In a news article of November 2012, it was reported that the physical space of the museum was already insufficient for its collections and that its collections were at risk of seriously deteriorating due to lack of resources. The museum's director was Teresa Florentín Peña at that time. Luis Amarilla was leading the ornithology division. The museum housed 2205 bird samples at that time, spread across 400 species. Frederick Bauer was head of fish research. Specimens of 40 of the 41 fish families that existed in the country at that time were preserved in the museum. Dr. Reinilda Duré Rodas was in charge of the Flora department of the museum. There were around 20000 specimens of national flora part of the museum's collection at the time. Martha Motte was head of the herpetology division. In terms of herpetology, there were 11496 specimens cataloged and part of the museum's collections at the time, spread across 82 species of amphibians and 158 species of reptiles. A researcher present at the time, Isabel Gamarra de Fox, stressed that there was a large number of bats preserved in the museum, over 3000 specimens. It was reported that the government had plans to establish the new headquarters of the museum on a 6-hectare plot of land that would be ceded by the Ministry of Public Works and Communications, within the Guasu Metropolitan Park.

Starting from September 2016, infrastructure improvements were carried out at the museum through a partnership in which the Fondo de Conservación de Bosques Tropicales Paraguay (Tropical Forest Conservation Fund Paraguay) donated 425,484,000 Guaraníes and the Ministry of the Environment (SEAM) invested 130,000,000 Guaraníes. The project improved storage and conservation conditions for approximately 150,000 fauna and flora specimens.
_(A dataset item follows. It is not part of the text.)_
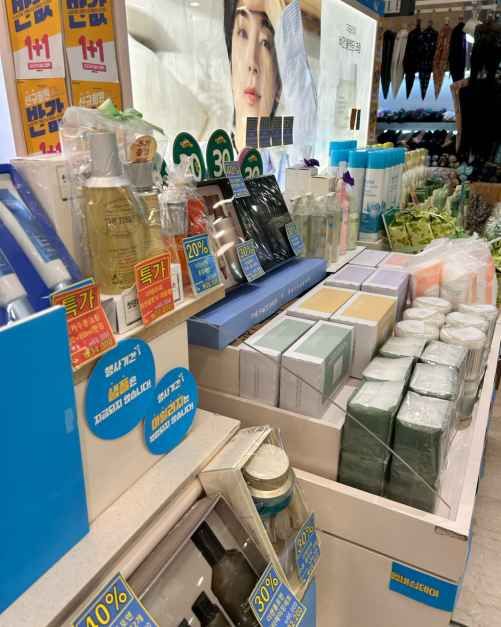 더페이스샵 뉴코아아울렛 평촌점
Since June 2024, the museum has put on display in its courtyard one of the two Toyotas which were donated to the museum by the WWF in 1980 and which the precursor of the museum (Proyecto Inventario Biológico Nacional—PIBN, which existed for a little more than 10 years) used to carry out fieldwork.
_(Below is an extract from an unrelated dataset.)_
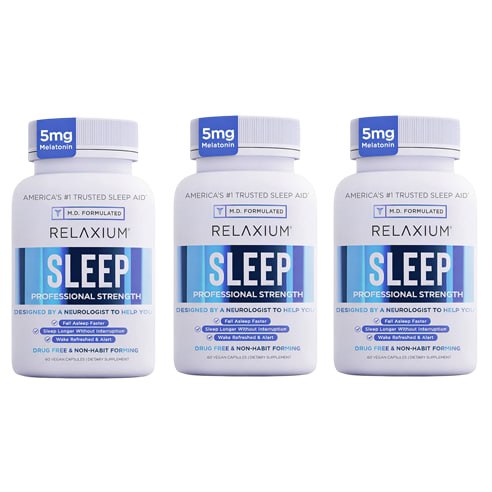 Relaxium Sleep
==Collaboration with other museums==

On the 18th of May 2025, the museum participated in the 7th edition of the "Los museos se muestran", which featured the exhibition of collections of 40 public and private museums from across Paraguay, which was held at the Juan de Salazar Spanish Cultural Center in Asunció, Paraguay, as a celebration for the international day of museums, and was open to the public free of charge.
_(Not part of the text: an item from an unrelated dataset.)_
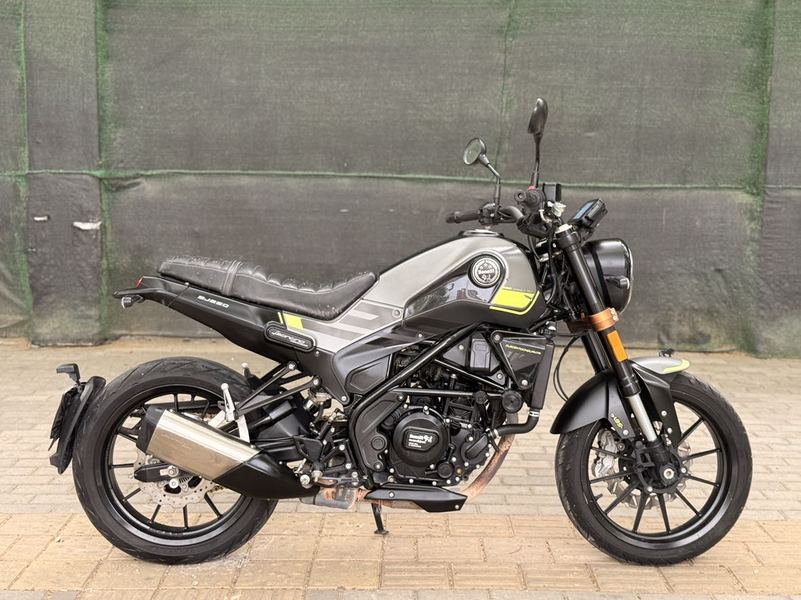 二手贝纳利幼狮 Leoncino 250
In November 2025, the museum participated in the 1st edition of "Expo Museos", organized by the "Asociación Paraguaya de Museólogos y Trabajadores de Museos (AMUS)". This was a cultural activity to promote the visibility of museums.

The museum usually participates in the yearly national event "Noche de los museos" (Night of the museums).

In 2024, MuCi (Museo de Ciencias, to be the "Museo de Ciencias del Paraguay" futurely) launched an exhibition called "Cháke Bicho" about insects in Paraguay, in alliance with the Museum of Natural History of Paraguay.